■ YOUR INSTRUCTIONS ■
The records below must be returned exactly, with every picture left out.

** Opening SOURCE RECORDS block **

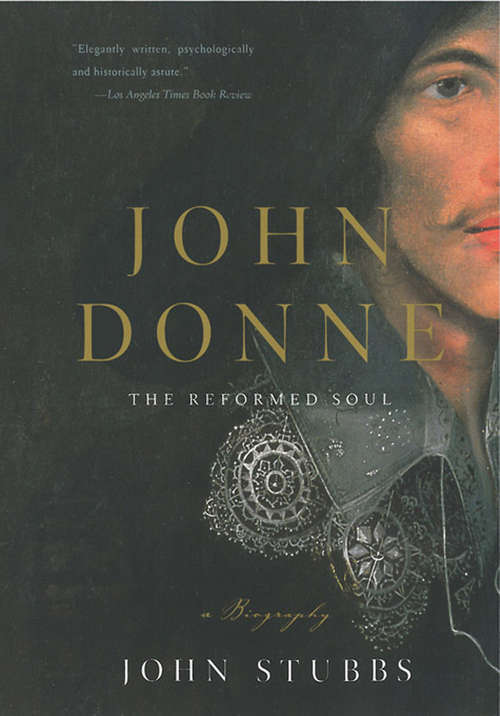 Book cover of John Donne: A Biography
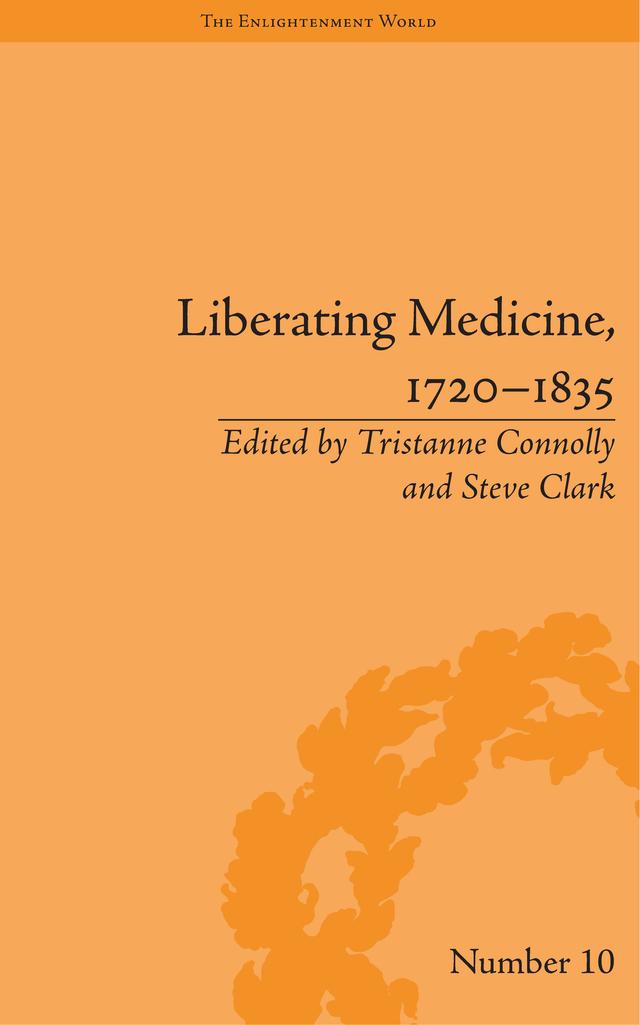 Liberating Medicine, 1720–1835 by Steve Clark, Tristanne Connolly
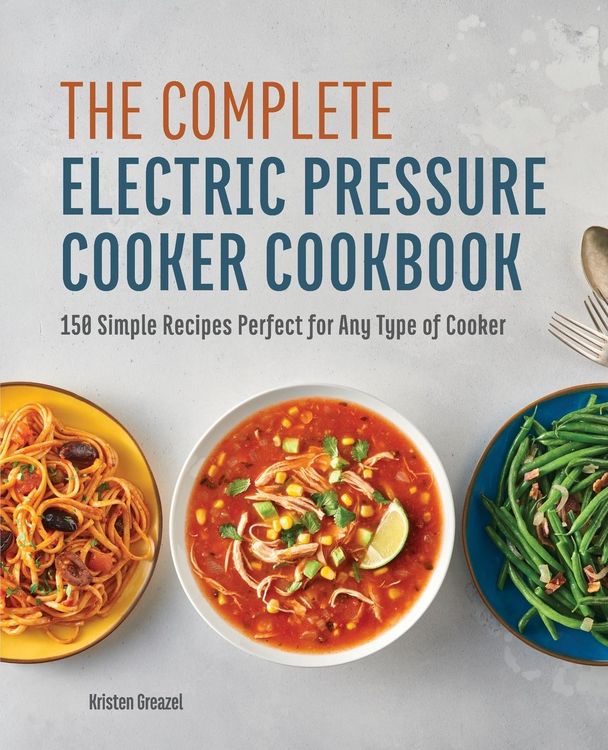 Produktbild: The Complete Electric Pressure Cooker Cookbook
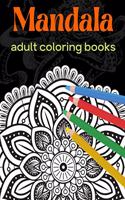 Mandala: adult coloring books: Mandala Coloring Book For Adult Relaxation, Coloring Pages For Meditation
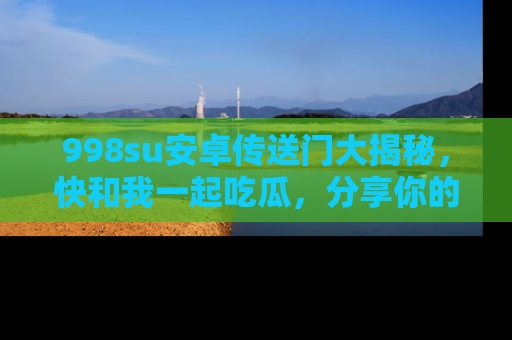 998su安卓传送门大揭秘,快和我一起吃瓜,分享你的发现!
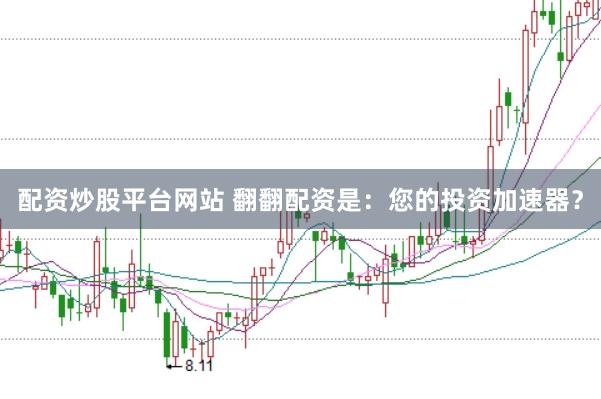 配资炒股平台网站 翻翻配资是：您的投资加速器？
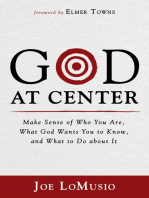 God at Center: Make Sense of Who You Are, What God Wants You to Know, and What to Do about It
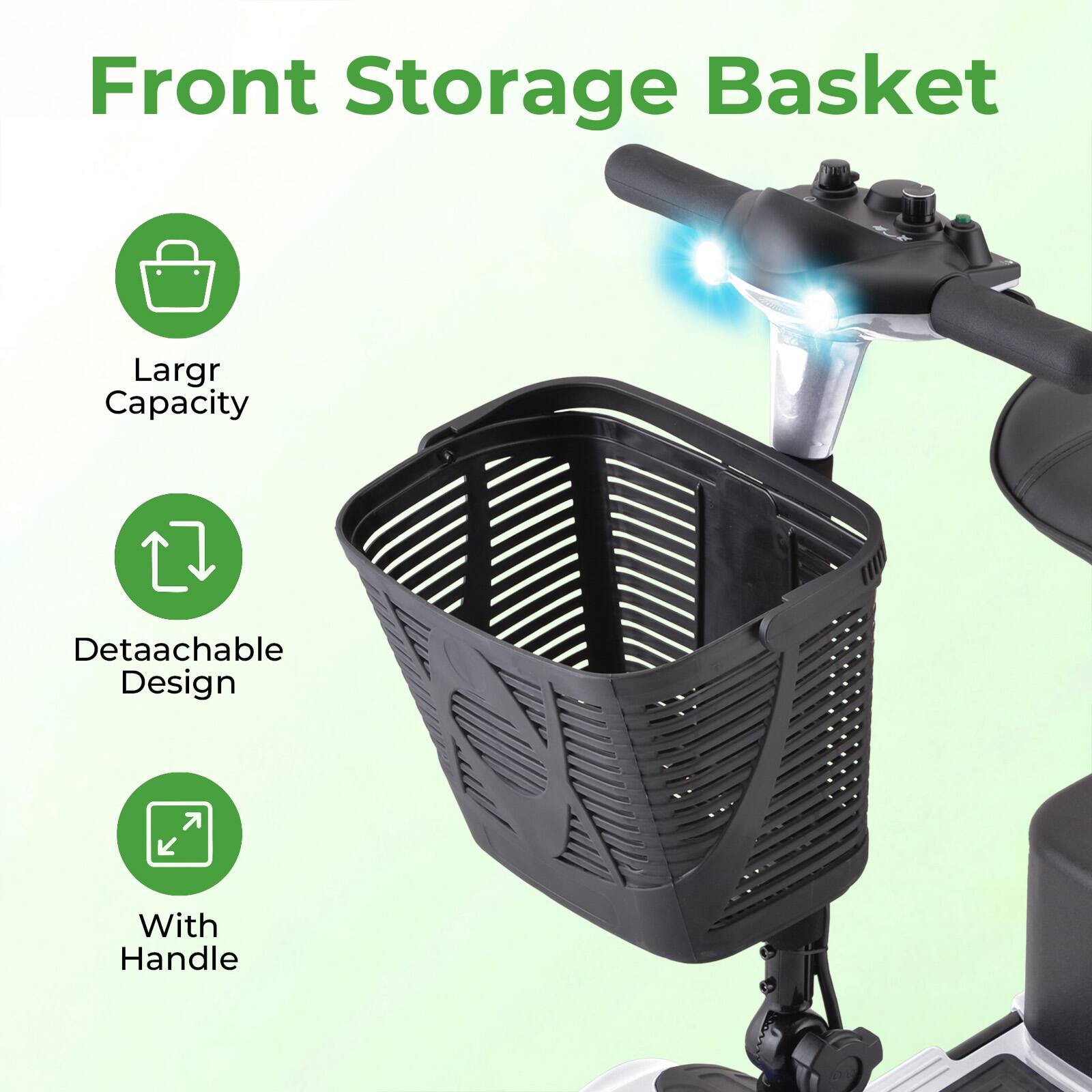 Front Storage Basket  
Larger Capacity  
Detachable Design  
With Handle
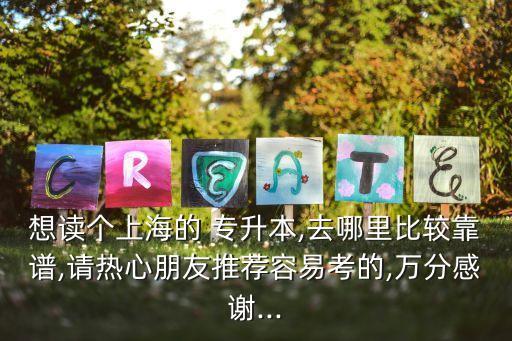 想讀個上海的 專升本,去哪里比較靠譜,請熱心朋友推薦容易考的,萬分感謝...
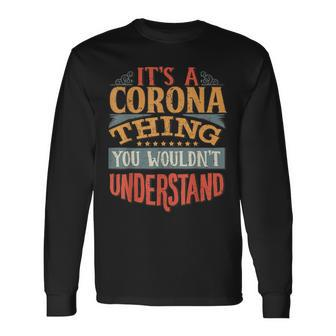 Its A Corona Thing You Wouldnt Understand Long Sleeve T-Shirt - Seseable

** Closing SOURCE RECORDS block **

■ RESPONSE TO THE TASK ■
 Book cover of John Donne: A Biography
 Liberating Medicine, 1720–1835 by Steve Clark, Tristanne Connolly
 Produktbild: The Complete Electric Pressure Cooker Cookbook
 Mandala: adult coloring books: Mandala Coloring Book For Adult Relaxation, Coloring Pages For Meditation
 998su安卓传送门大揭秘,快和我一起吃瓜,分享你的发现!
 配资炒股平台网站 翻翻配资是：您的投资加速器？
 God at Center: Make Sense of Who You Are, What God Wants You to Know, and What to Do about It
 Front Storage Basket  
Larger Capacity  
Detachable Design  
With Handle
 想讀個上海的 專升本,去哪里比較靠譜,請熱心朋友推薦容易考的,萬分感謝...
 Its A Corona Thing You Wouldnt Understand Long Sleeve T-Shirt - Seseable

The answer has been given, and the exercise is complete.